Does the Minister accept that that occurs only after someone has been abused?
I would point out, if I may finish my point, that under the Bill the commission would also be able to rely on the disqualification power if a person’s conduct clearly made them unfit to serve as a trustee or senior manager of a particular charity or class of charities. The commission’s draft guidance on how it would exercise the disqualification power makes clear that it could be used in the circumstances. This is made clear on page 4, under paragraph (b)(i) concerning condition F. I know that we will probably return to this point in Committee, so I hope the noble Baroness will forgive me for going on right now.

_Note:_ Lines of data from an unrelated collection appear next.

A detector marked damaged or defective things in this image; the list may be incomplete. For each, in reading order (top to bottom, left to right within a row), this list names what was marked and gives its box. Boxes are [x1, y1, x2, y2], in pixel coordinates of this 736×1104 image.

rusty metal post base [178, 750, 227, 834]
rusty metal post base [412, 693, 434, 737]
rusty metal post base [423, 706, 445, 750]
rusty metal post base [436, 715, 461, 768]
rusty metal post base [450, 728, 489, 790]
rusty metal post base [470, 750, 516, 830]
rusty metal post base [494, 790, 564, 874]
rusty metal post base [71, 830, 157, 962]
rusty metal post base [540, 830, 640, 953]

Also as regards Clause 9, the noble Baronesses, Lady Barker and Lady Brinton, and the noble and learned Lord, Lord Hope, were among a number of your Lordships who raised the issues that counterterrorism legislation might have in this context. I have been fortunate enough to talk to a number of your Lordships about this point and I recognise that there is a concern for some charities operating in some of the most difficult parts of the world—not just the Middle East, as the noble Baroness, Lady Brinton, pointed out. However, I would point out that several government departments, including the Home Office, the Treasury and DfID as well as the Charity Commission and the Cabinet Office, are engaging with NGOs to understand their concerns and ensure that, wherever possible, they are given proper guidance.
In many cases there is already detailed guidance dealing with the points that were raised, and it may be a case where better signposting is needed. We are also not aware of any legitimate NGO worker who has been convicted in the UK under the counterterrorism legislation. Providing some sort of exemption for charities from aspects of counterterrorism legislation may sound attractive, but I would argue that it could create a loophole in the law that could be exploited by the unscrupulous—something which I am sure we would all want to avoid. I was particularly struck by the remarks made on this point by the noble Lord, Lord Green of Deddington, given his extensive experience in this area, and I thank him for his contribution.

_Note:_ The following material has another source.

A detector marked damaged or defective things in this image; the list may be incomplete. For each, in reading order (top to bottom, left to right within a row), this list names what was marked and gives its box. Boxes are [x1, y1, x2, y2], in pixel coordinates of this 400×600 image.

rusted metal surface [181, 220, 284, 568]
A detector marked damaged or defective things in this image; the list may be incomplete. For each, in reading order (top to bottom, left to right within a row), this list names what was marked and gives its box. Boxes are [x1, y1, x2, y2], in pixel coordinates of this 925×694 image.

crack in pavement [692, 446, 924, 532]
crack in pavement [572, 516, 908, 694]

The noble Lord, Lord Low, raised Clause 10, particularly as regards whether condition F in the proposed new section is too broad. This condition needs to be considered in the context of other criteria for the exercise of the disqualification power, namely the test of fitness that disqualification,
“is desirable in the public interest … to protect public trust and confidence in charities”,
and the safeguards relating to the operation of the power, including the right of appeal to the Charity Tribunal. The Charity Commission’s draft guidance on how it would exercise the power should provide reassurance that it will use the power only when there is a clear case for doing so; that the commission would clearly explain what it would take into account before using the power; and that in exercising the power, the commission would provide an explanation identifying the conduct in question and why it thought that the conduct met condition F.

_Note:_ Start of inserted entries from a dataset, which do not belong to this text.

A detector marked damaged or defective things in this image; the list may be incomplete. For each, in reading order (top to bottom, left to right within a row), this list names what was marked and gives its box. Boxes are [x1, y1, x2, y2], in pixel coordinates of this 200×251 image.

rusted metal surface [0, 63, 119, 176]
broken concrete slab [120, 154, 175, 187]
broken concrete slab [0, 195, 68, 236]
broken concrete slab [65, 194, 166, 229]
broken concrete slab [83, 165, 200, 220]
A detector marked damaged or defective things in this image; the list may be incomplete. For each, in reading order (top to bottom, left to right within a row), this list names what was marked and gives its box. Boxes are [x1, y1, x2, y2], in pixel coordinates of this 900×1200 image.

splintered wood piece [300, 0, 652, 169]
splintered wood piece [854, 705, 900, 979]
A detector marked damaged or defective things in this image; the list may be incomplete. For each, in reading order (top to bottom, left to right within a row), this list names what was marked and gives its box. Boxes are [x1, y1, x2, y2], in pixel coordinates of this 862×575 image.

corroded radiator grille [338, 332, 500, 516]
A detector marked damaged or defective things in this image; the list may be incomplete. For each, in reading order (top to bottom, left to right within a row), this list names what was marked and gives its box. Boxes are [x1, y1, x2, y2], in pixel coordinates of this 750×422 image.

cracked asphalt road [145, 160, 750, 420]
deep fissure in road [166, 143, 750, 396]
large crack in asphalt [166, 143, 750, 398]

I turn to some of the wider issues that have been raised. The noble Baroness, Lady Hayter, and a number of other noble Lords raised the tragic case of Olive Cooke. This was a very sad case and I start by paying my condolences to the family of Olive Cooke and pay tribute to her outstanding work in the field of charity, which the noble Baroness, Lady Corston, referred to. I would like to say here that the charity sector needs to move quickly and firmly to show that self-regulation works in the best interests of the public and that fundraising can set itself sufficiently high standards to meet public expectations.
Last week, my honourable friend the Minister for Civil Society met with three chief executives of the self-regulatory bodies. He made it clear that action must be taken quickly to protect the long-term reputation of charities. The self-regulation bodies agreed to pull together a plan of action that could be taken in the short term, together with plans to work on in the longer term. The FRSB published its interim report yesterday, and its findings and recommendations are being discussed at the Institute of Fundraising’s standards committee today—a point, I think, that the noble Lord, Lord Watson of Invergowrie, was referring to. Charities need to ask for funds, but that is not an inalienable right and it needs to be exercised responsibly, particularly if we are to protect public trust and confidence in charities for the long term.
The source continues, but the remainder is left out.